> [DATA SUPPLIED]:
----
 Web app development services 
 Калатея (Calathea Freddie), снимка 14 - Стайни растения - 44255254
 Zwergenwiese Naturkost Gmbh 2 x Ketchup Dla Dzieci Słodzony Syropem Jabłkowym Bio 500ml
----
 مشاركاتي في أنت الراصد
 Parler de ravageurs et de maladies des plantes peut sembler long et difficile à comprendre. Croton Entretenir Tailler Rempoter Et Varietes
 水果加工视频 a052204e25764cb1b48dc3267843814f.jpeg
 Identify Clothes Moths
----
> [WHAT IS REQUIRED]: Reproduce word for word the material above, starting with the line that has "Web app development services" and stopping after the line that has "Zwergenwiese Naturkost Gmbh".

> [SOLUTION FOR THIS PROBLEM]:
 Web app development services 
 Калатея (Calathea Freddie), снимка 14 - Стайни растения - 44255254
 Zwergenwiese Naturkost Gmbh 2 x Ketchup Dla Dzieci Słodzony Syropem Jabłkowym Bio 500ml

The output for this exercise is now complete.